• INPUT DATA
»»
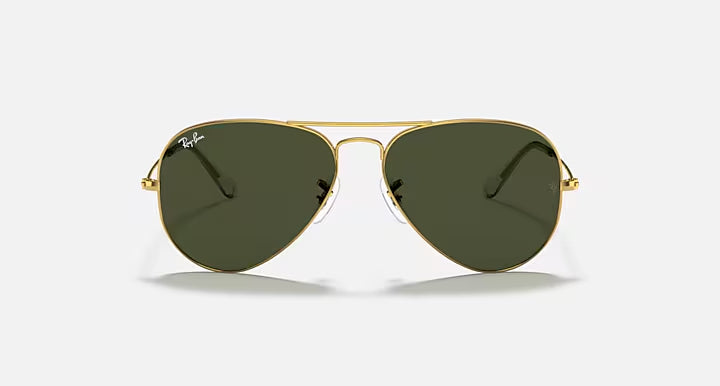 RAY-BAN Aviator Gold & Green Sunglasses-Size 62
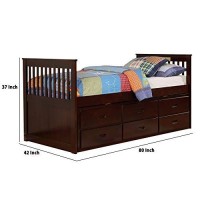 Benjara Mission Style Wooden Twin Captain Bed With Trundle And 3 Drawers, Brown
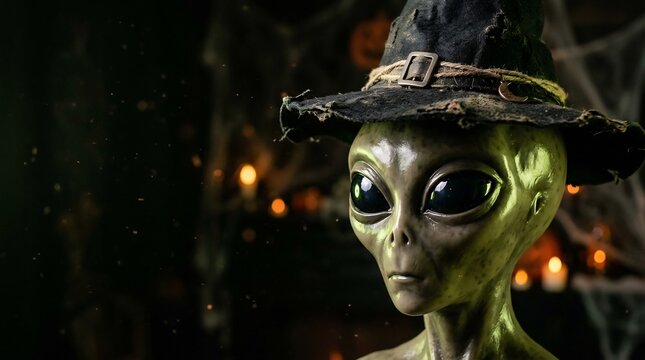 Green alien wearing witch hat in spooky Halloween setting, glowing candle bokeh, eerie sci-fi extraterrestrial creature costume, dark horror aesthetic.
««
• DESCRIPTION OF THE TASK
Since the pictures are not wanted, transcribe the rest of the listing above exactly.

• WRITTEN RESPONSE
 RAY-BAN Aviator Gold & Green Sunglasses-Size 62
 Benjara Mission Style Wooden Twin Captain Bed With Trundle And 3 Drawers, Brown
 Green alien wearing witch hat in spooky Halloween setting, glowing candle bokeh, eerie sci-fi extraterrestrial creature costume, dark horror aesthetic.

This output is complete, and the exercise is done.